Declining enrollment will factor into DePaul’s 2020-21 budget

President+Esteban+speaking+at+2019%27s+State+of+the+University+address.

Ryan Gilroy | The DePaulia

President Esteban speaking at 2019's State of the University address.

DePaul has begun its process for preparing a budget for the 2020-21 academic year, and the university says it must take enrollment declines into consideration.

The university won’t have a budget until after the Board of Trustees’ meeting in early March, but the process for putting it together began last quarter.

The Strategic Resource Allocation Committee (SRAC), made up of nine members chosen by DePaul President A. Gabriel Esteban, held executive sessions in November. Their recommendation will then go to Esteban “for his review and endorsement,” university spokesperson Carol Hughes said.

A tuition pricing committee weighs in on fees and financial aid, and the Offices of Academic Affairs, the president and the executive vice president gives budget presentations to the SRAC, according to a Newsline article.

“If he approves, the budget proposal would go to the finance committee of the Board of Trustees for its endorsement,” Hughes said. “This would occur either at the December 2019 meeting or the February 2020 meeting.”

Assuming the finance committee approves, the budget would then go to the full Board of Trustees for final approval.

“If the board ratifies, we would communicate the particulars of the budget to the entire university community immediately thereafter,” Hughes said.

Hughes declined to provide members of the SRAC for interviews.

“It’s a bit premature to discuss at this point since the budget process has just begun and we don’t have a budget for next fiscal year, and won’t until board of trustees approves it in March 2020,” Hughes wrote in an email in November.

“For the 2020-21 budget, the [Board of Trustees’] finance committee asked the university to set a budget that is based on conservative enrollment projections and moderate tuition pricing increases,” said Jeff Bethke, DePaul’s Chief Financial Officer and chair of the SRAC, in a Newsline article.

Since a peak in 2010, DePaul’s population has declined by 3,334 students, according to a PowerPoint presentation by the provost and vice president of the university on Sept. 20.

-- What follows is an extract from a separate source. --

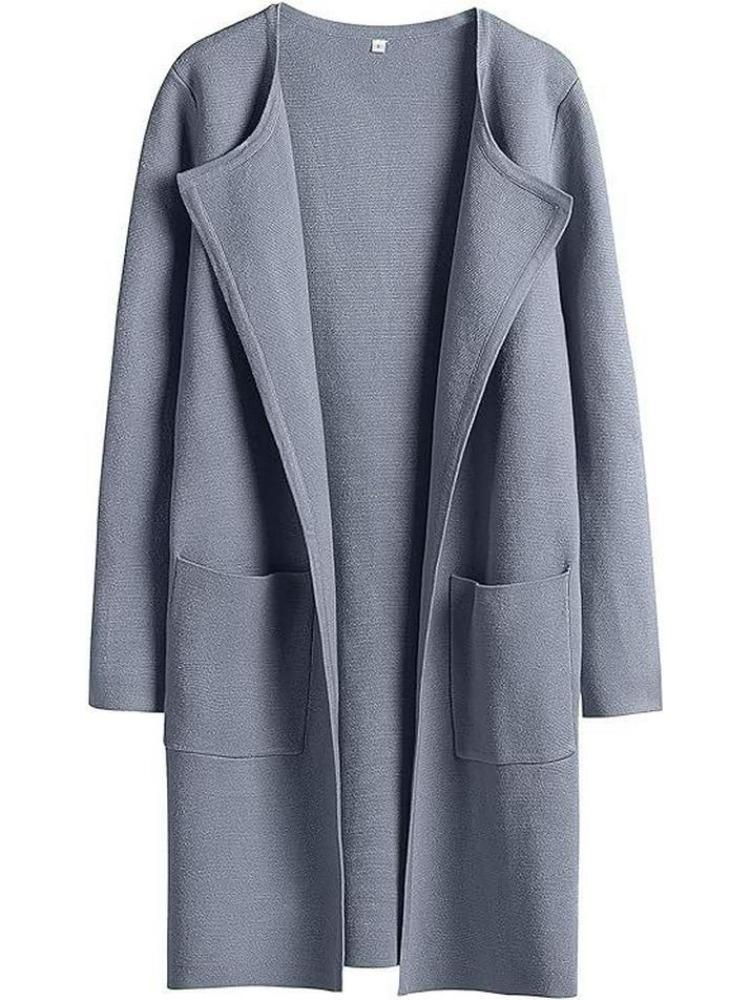 Women American Style Casual Lapel Coat Woolen European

Declining birth rates in the 2000s are a general concern for higher education. By 2026, Esteban said during his State of the University address in October, there will be a sharp decline in 18-year-olds. And of the 18-year-olds, less are attending universities, with a projected 18 percent decline in Illinois high school graduates by 2029.

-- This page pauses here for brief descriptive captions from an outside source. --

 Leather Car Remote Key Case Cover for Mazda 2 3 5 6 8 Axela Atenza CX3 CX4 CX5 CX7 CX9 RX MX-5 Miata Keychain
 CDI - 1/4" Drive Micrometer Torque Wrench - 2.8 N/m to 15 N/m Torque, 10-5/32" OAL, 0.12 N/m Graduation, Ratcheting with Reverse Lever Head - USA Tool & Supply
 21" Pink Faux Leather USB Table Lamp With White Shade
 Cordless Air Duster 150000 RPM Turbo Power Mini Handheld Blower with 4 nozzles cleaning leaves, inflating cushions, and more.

Although enrollment in higher education nationally is declining at about 4 percent, Illinois is seeing a decline of nearly 17 percent. DePaul has seen a roughly 12 percent decline since 2011, Bethke said during a town hall meeting in September. 

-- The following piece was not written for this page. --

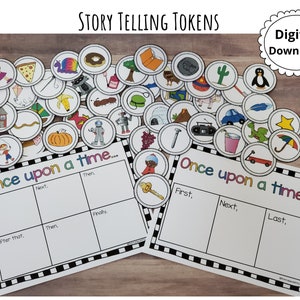 Story Tokens, Story Telling Printable, Imaginative Play, Story Cards, Tell Me a Story, Creative Play, Kids Activity, Silly Stories, Game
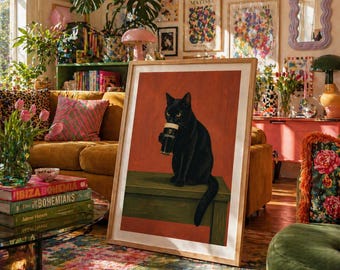 Funny Black Cat Beer Wall Art, Pub Style Guinness Poster, Quirky Bar Decor Gift for Cat Lovers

Nathan Grawe, an expert in demographics trends at Carleton College in Northfield, Minnesota, said a combination of low fertility rates and immigration and interstate migration patterns will affect most universities, with the exception of highly competitive colleges.

Less competitive schools tend to draw their enrollment from the regional population, such as  DePaul, which has an acceptance rate of about 70 percent.

Schools could turn their recruitment efforts toward regions that are seeing growth, like the Southwest, Grawe said.

At the October town hall meeting, Interim Provost Salma Ghanem said that because many of DePaul’s students are from out-of-state, specifically Texas and California, the university has increased marketing initiatives in those areas, as well as hiring on-the-ground recruiters in those states.

However, he also said recruitment shouldn’t be universities’ primary response to increasing or maintaining their enrollments; they should also make a strong effort to retain the students they already have.

“We need to come up with new ways of running our enterprises,” Grawe told The DePaulia.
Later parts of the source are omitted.